Dabei hatte Böhmermann sein Gedicht vor dem Vortrag eingebettet. Nach Erdogans Reaktion auf einen spöttischen Beitrag in der NDR-Satiresendung "Extra 3" — er hatte den deutschen Botschafter einbestellen lassen — erklärte Böhmermann, er wolle zeigen, wie weit Satire gehen dürfe und was verboten sei. Und trug seine Verse vor, beteuernd, dass er so etwas niemals öffentlich sagen dürfte. Wohlwissend, welche Reaktionen folgen würden: Sein, nennen wir es mal ironisches, Kalkül ist damit aufgegangen.

Nun hat das Bundesverfassungsgericht 1990 in einem wegweisenden Urteil die Schmähkritik dann als erbracht definiert, wenn "nicht mehr die Auseinandersetzung in der Sache, sondern die Diffamierung der Person im Vordergrund steht". Zu Recht, muss die Würde des Menschen doch unantastbar bleiben. Die Satire darf eben nicht alles, wie es Tucholsky in seinem berühmten Satz proklamierte, nur fast alles — diese Grenze hat das Gericht eingezogen.

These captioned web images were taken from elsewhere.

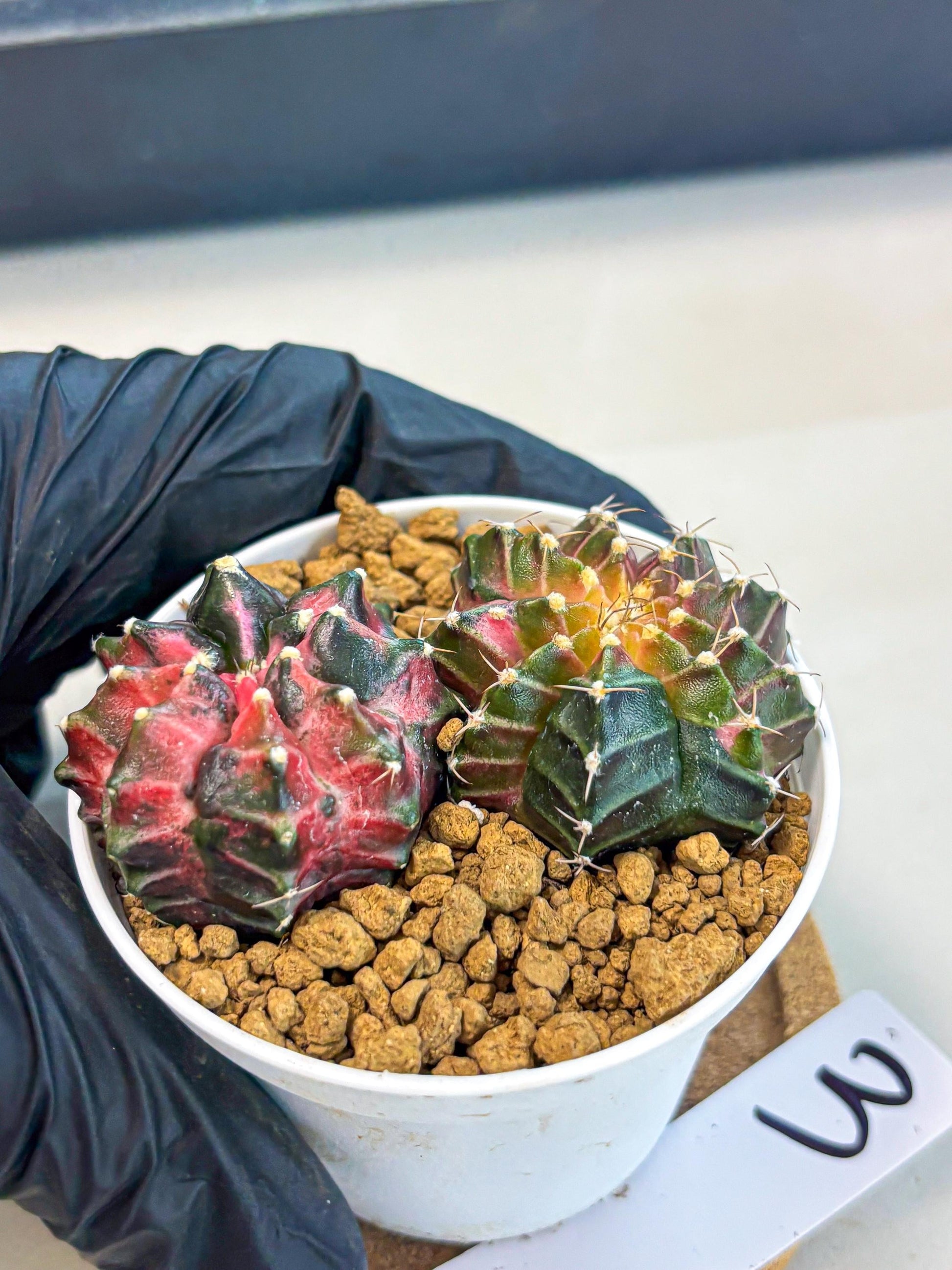 Gymnocalycium Neon (gy13) (g3) | Rare Cactus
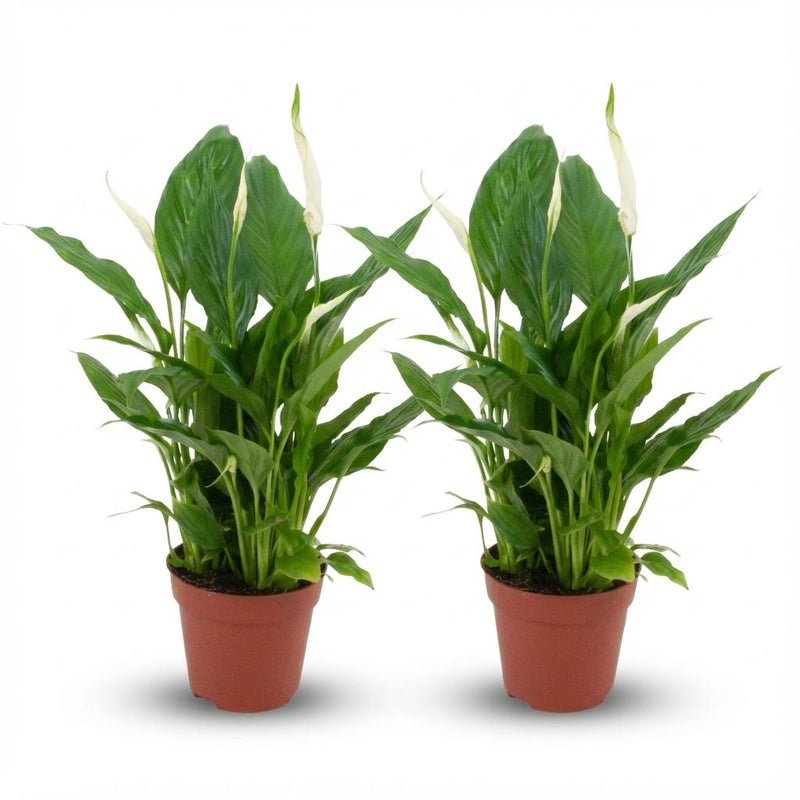 Spathiphyllum Einblatt - 2 Stück - Topf Ø 12 cm, 35-40 cm hoch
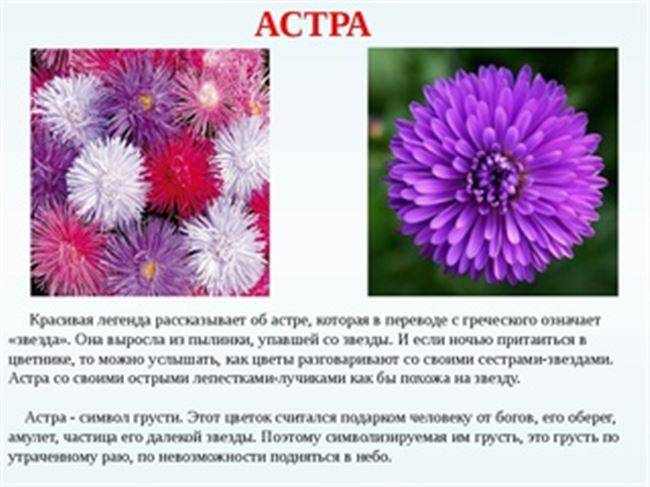 Цветок астра: фото, названия и описание сортов и видов растений, секреты выращивания астр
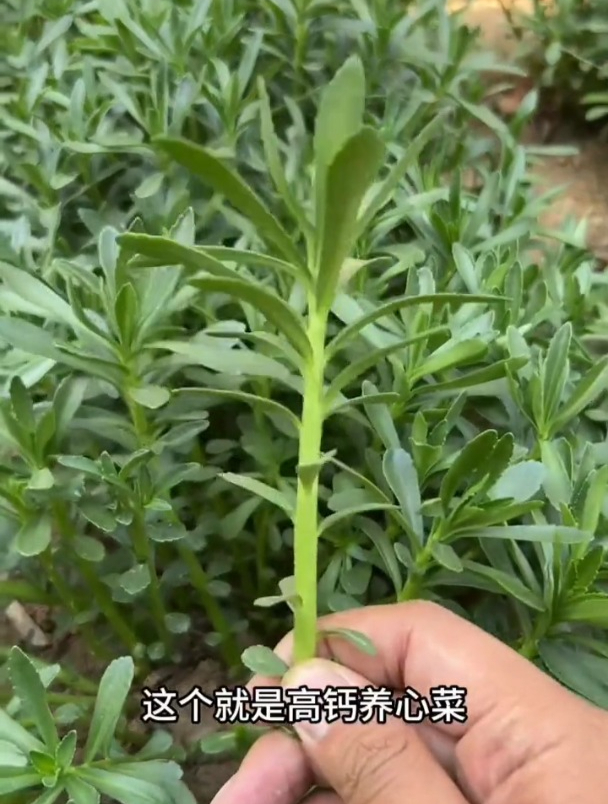 养心菜又叫三七,以前是一种野草,现在价值很珍贵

Aber was darf die Satire denn nun? "In der Satyre wird die Wirklichkeit als Mangel dem Ideal als der höchsten Realität gegenübergestellt", schrieb Schiller 1795. Die Satire will also Missstände anprangern, sie will aber auch, dass sich die Dinge verbessern. Oder Personen, die für diese Dinge verantwortlich sind. Denn zum Wesen der Satire gehört auch, dass sie sich an einem —angemessenen — Feind abarbeitet. Nicht an der Person, sondern an dem, für das sie steht. Und dabei, sagt wiederum Tucholsky, muss sie "übertreiben und ist ihrem tiefsten Wesen nach ungerecht".

Anzeigen von Privatpersonen

Zurück zu Böhmermann. Sein Prinzip ist der durchdachte Tabubruch. L'art pour l'art ist seine Sache nicht. Ihm geht es deshalb wohl auch nicht darum, Erdogan zu schmähen. Sondern darum, eine Grenze zu überschreiten, um zu zeigen, dass es sie gibt und dass sie subjektiv auslegbar ist. Darum, dass man nicht nur in der Türkei, sondern auch hierzulande trefflich über Meinungsfreiheit streiten kann. Und als netzaffinem Entertainer vielleicht auch darum, seiner Gemeinde zu demonstrieren, dass diffamierendes Pöbeln strafrechtlich verfolgt werden kann. Was nicht schaden kann. Wir notieren: Missstände, moralisches Ideal, Feind — handelt es sich doch um Satire? Dass Böhmermann auch ganz profan um Aufmerksamkeit buhlt: geschenkt.

Ob es zu einer Anklage kommt, ist ungewiss. Bisher liegen nur Anzeigen von Privatpersonen vor, die türkische Regierung müsste ein Strafverlangen vorlegen und die Bundesregierung einer Strafverfolgung zustimmen.

"Sollte ich bei der gebührenfinanzierten Erfüllung meines pädagogischen Auftrags die Gefühle eines lupenreinen Demokraten verletzt haben, bitte ich ergebenst um Verzeihung", entschuldigte er sich ironisch. Auch das gehört zum Prinzip Böhmermann: Bleibe stets in der Rolle. Und dass ein blasser, dünner Junge aus Deutschland, wie er sich selbst nennt, den demokratiefeindlichen Präsidenten der Türkei in eine Debatte um die Freiheit der Rede verwickelt, entbehrt am Ende nicht einer gewissen Ironie.